Even in the first few months, when the Allies sat behind the Maginot Line and the Germans behind the Siegfried line, the period called the “phony war”, much changed. We all had ration books, but at that stage there were not too many serious shortages; so far as I recall, the butter ration was still a whopping 4 oz. per person for a week (it was to go down to one ounce together with 4 ounces of margarine by 1942). At first, too, the ration book was a relatively simple document, covering meat, eggs, fat, sugar and a few other things. From the start, the meat ration was governed not be weight but by a fixed amount of money you might spend. This meant that if you wanted, you could blow the whole ration on one small Delmonico steak (or whatever the butcher in the UK then called it), or you could buy several pounds of lamb shank for stews. It made shopping a much longer affair since a whole series of little squares had to be clipped out (no perforations) of the appropriate page. Then the little buff colored books, one for each member of the family) had to be put safely away – losing a ration book was at least the equivalent of losing a major credit card today.

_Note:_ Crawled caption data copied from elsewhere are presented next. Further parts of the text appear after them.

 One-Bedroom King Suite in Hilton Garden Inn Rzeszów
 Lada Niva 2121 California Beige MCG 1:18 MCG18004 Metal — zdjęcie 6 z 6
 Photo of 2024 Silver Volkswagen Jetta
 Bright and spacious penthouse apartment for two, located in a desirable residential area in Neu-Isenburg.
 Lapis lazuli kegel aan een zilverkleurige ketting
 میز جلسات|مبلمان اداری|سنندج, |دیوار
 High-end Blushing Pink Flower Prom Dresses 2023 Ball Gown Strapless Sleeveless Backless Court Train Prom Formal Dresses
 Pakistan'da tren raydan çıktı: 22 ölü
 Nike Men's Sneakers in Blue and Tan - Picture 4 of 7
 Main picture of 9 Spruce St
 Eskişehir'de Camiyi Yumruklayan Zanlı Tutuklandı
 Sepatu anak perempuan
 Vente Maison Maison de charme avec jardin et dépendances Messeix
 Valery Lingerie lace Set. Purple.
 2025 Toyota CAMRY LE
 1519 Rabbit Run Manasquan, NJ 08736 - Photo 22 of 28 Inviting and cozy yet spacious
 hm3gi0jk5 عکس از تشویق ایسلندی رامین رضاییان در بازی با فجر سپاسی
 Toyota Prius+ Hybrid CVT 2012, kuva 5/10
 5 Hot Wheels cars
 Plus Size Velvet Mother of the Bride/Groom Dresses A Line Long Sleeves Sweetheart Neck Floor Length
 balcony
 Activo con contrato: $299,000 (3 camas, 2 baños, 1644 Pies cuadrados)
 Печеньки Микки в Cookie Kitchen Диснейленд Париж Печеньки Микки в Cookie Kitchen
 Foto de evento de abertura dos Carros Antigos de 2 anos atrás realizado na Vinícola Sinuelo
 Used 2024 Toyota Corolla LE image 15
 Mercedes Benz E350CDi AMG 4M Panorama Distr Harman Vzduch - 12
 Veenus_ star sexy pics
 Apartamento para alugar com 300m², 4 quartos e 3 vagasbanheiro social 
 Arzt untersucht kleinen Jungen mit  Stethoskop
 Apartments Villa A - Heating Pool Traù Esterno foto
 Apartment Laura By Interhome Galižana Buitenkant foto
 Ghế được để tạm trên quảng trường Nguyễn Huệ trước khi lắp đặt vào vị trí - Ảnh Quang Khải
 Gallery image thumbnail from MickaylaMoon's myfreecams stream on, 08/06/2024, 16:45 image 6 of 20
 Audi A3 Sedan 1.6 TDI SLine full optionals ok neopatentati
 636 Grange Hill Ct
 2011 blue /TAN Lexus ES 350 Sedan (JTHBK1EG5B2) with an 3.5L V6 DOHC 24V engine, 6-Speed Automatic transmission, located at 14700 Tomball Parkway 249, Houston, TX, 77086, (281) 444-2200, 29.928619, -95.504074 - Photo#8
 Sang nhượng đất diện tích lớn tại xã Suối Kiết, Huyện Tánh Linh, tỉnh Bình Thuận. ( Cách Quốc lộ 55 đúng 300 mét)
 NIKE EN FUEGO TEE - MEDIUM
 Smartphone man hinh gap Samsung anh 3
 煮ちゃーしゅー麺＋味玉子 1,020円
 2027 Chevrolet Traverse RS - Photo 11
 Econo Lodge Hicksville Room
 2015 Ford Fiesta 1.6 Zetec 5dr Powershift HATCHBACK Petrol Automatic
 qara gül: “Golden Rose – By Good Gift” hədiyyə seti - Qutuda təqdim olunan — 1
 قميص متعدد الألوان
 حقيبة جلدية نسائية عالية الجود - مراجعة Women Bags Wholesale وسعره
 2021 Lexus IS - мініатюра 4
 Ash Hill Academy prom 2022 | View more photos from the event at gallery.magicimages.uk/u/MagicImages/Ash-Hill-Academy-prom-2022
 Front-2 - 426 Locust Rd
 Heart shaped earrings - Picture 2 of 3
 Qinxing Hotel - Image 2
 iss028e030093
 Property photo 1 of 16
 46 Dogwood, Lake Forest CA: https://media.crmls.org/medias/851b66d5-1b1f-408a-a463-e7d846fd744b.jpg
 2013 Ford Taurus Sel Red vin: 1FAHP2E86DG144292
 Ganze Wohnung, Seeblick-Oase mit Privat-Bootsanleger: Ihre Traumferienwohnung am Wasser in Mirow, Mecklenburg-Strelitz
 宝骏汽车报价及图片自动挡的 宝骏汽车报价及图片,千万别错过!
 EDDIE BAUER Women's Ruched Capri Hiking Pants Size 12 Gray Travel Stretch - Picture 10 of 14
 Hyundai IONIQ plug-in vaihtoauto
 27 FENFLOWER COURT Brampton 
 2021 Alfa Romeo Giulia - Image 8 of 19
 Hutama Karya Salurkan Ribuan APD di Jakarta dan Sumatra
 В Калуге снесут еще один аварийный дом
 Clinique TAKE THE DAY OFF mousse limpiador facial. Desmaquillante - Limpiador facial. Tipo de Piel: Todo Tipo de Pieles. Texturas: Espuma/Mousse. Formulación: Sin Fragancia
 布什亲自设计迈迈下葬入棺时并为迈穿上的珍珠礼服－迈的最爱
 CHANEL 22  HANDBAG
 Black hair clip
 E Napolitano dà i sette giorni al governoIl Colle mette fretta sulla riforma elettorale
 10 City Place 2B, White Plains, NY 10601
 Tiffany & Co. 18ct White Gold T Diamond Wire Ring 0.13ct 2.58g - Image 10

As a day boy at Queen Elizabeth’s Grammar School, Royal Charter given in 1561, two things were very obvious and extremely irksome. The first was the omnipresence of one’s gas mask, which had to be, carried everywhere. The civilian masks were a rather primitive affair, there being no valve system. When you inhaled, the air came through the filter and the rubber mask pulled close to your cheeks. As you exhaled, the air escaped out of the sides, making the kind of rude noises that reduced pre adolescent boys to uncontrolled laughter. Each gas mask was issued in a flimsy cardboard box about nine inches by seven by seven. Naturally they did not last any time at all, and very quickly, metal boxes with shoulder straps were on sale, khaki in color with GAS MASK stenciled on them. The father of one of my best friends ran a small factory in Mansfield that made decorative containers for biscuits and cakes, and he was turning out the new mask carriers within a week.

The second most obtrusive thing for someone who lived around eight miles from the school was the blackout. As the Michaelmas Term (Fall Term) wore on, it was getting dark by 4.30 p.m., and this meant that any after-school activity involved a walk across a totally darkened town, often feeling for the curb with one’s foot. This was followed by a longish wait and a half hour’s ride on a very dimly lighted and overcrowded bus, though, in retrospect, the buses were just normally overcrowded at that stage: it was not until 1940-41 that a bus designed to carry 35 passengers regularly carried 60. This kind of total overcrowding prevented the cooperative homework sessions with books spread out over several seats which had been a normal pattern of the thirty minute ride home. I suppose we sailed close to the honor code (though, of course, being British, it wasn’t actually in writing) but it provided a bit of extra free time before bed was decreed.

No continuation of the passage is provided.